The first measure is 1, 2, 3, 4, and then we go to the 4th string 2nd fret and that’s our note E, it’s an octave of where we started and we walk back down so it’s up get to this note and go back instead of going. You could do this little lick on the end and you’ll hear this on your original recording.
That’s three hammer to four and play the 2nd fret of the 5th string and that’s all. Just hammer one pluck down and then up on the 5th string 2nd fret. Again coming off that E chord, I’m thinking maybe of an E7, so I do that twice and that’s going to take up the 1st four bars which is again just the one chord then we move to the A chord and I’m going to play that as similar riff based off the 5th string. So down one string same thing, this time I’m going to go up to five instead of playing the 2nd fret and then you go to that 4, 5, 4, 2, 4, on the 5th string on the 4th string another thing you’ll hear sometimes they an open string.
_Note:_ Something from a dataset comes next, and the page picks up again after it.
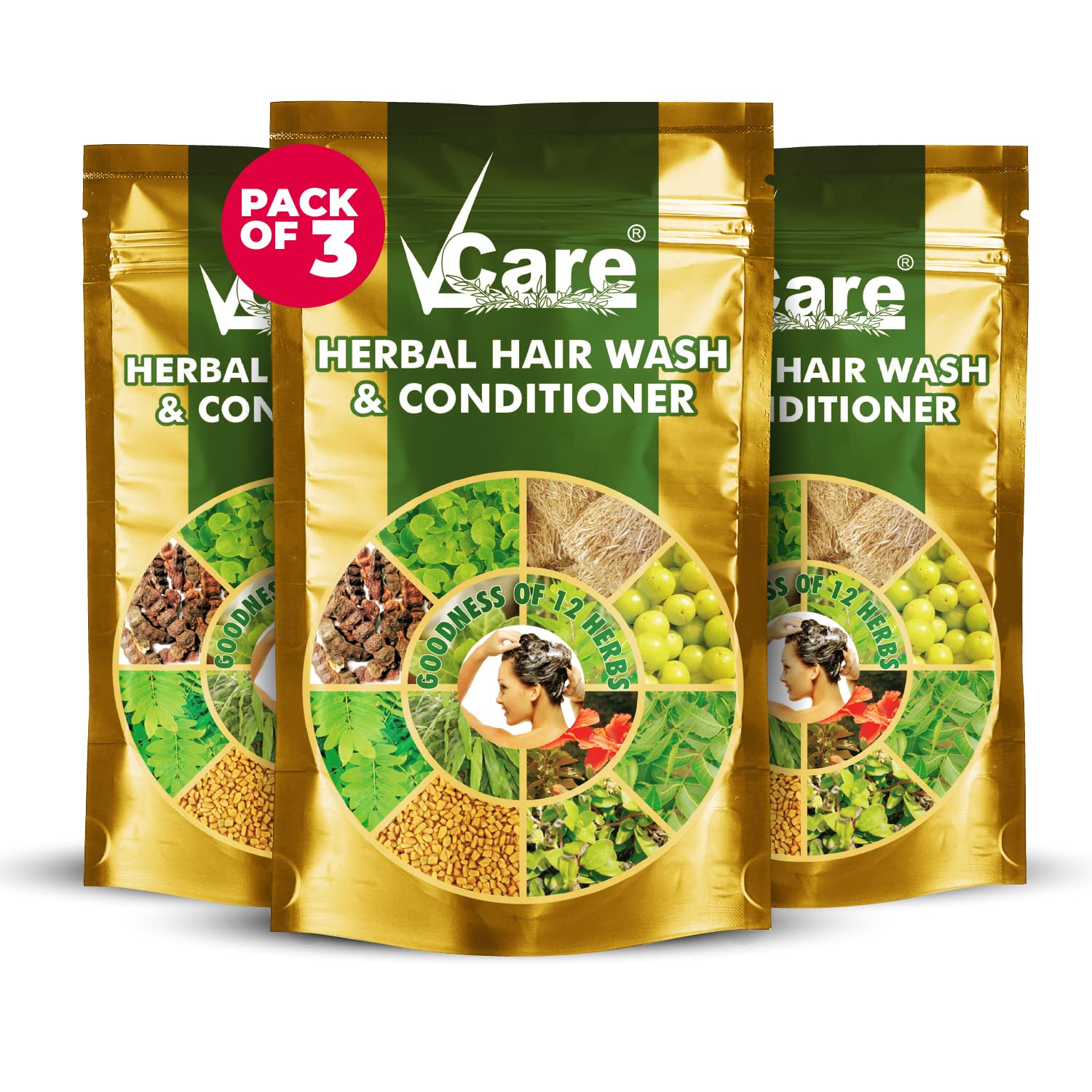 VCare Herbal Hair Wash & Conditioner for Men & Women - 100% Natural with 12+ Herbs (Amla, Shikakai, Bhringraj, Hibiscus) for All Hair Types - 100g (Pack of 3) | Promotes Hair Growth, Reduces Dandruff & Adds Shine - Perfect for Daily Hair Care Routine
I’ll give you an example; I go to the 4th and instead of going 4, 4, 5, its 4, 0, 5, and back to the 1st riff so I got from the beginning.
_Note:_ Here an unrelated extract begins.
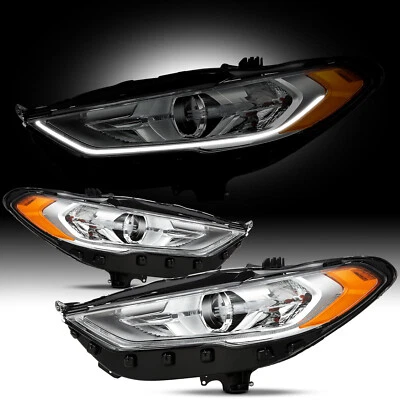 Conjunto de faros de titanio para Ford Fusion S SE 2017-2020 con modelo DRL Foto 1 de 4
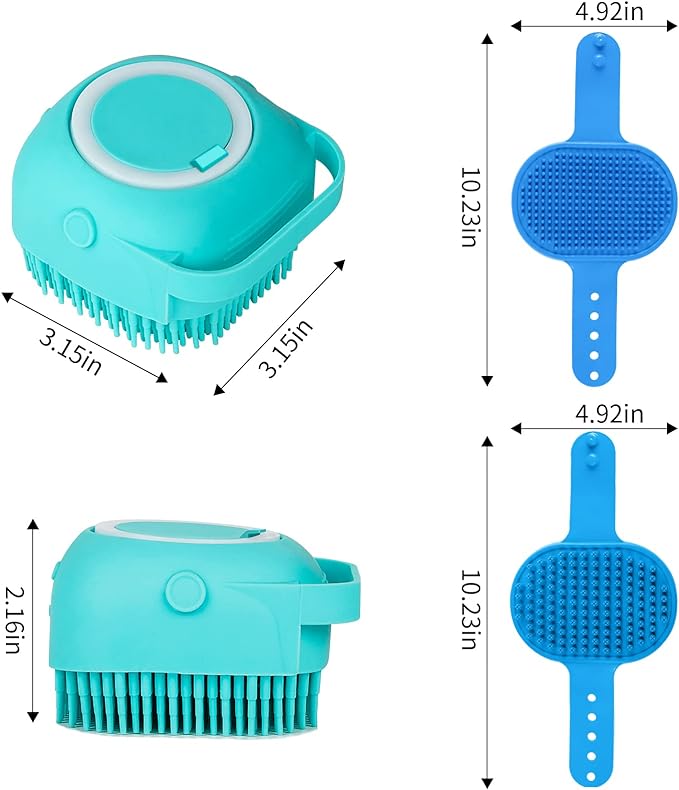 3 Pieces Dog Bath Brush, Dog Shampoo Brush, Dog Scrubber for Bath, Dog Bath Brush, Dog Shower Brush, Washing Brush with Handle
Now we hit what’s called the turnaround, this goes up to a B7. Again this whole song is really just three chords it’s like E7, A7, and a B7, so on the five chord I’m going to play the next chorus, again each time Arthur Smith play it a little differently but this is transcribed from the original recording that I came up with 2, 2, 4, 0, 5, that open on A. Now this just walks up all of them 0, 2, 3, 4, do three chords, kind of cool and then you go 2, 4, 2, 4, there’s an opening on the recording. It sounds like he’s just transitioning and kind of hitting the open strings to transition to the next part so from the five chord, let’s play the whole 1st chorus.
This next chorus here is a really cool lick and basically what we’re going to do is repeat the same thing on each chord, the 1st one is E and I go and then you hammer 2 to 3, and play an upstroke on 4 on the note C#. So it’s down, up, down, up, down, up, down. I think that’s the articulation it sounds, that’s you’re going to repeat for 4 bars on E. Now I’m going to copy/paste and move down one string and play the A-string twice. I’m going to hammer-on and play the 4th fret same thing down one string.
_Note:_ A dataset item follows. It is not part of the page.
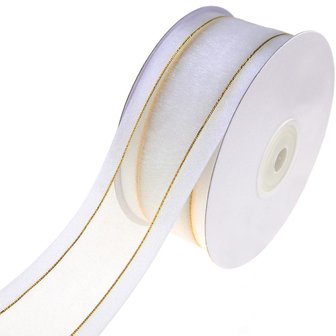 Organza satijn lint met goud lurex randje 38 mm wit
Now this is a little different off the five chords here can you do the root and go up to the 3rd. I’m playing the 2nd fret 5th string then I go diagonal with my 1st finger and do the same, like one hammer to two and pluck up stroke on the 3rd fret back to E. I’m going to follow that same 12 bar blues. Let me play that one chorus for you to show how it sounds like. In context 1, 2, & 3, okay let’s try from the b9 and that’s how you play the 1st two chorus of Arthur Smith’s “Guitar Boogie”.
I hope this lesson inspires you and makes you want to pick up the guitar and play it every day, it’s such a cool instrument. Make sure to subscribe on our You Tube Channel and we’ll see you in our next video lessons, thanks for watching.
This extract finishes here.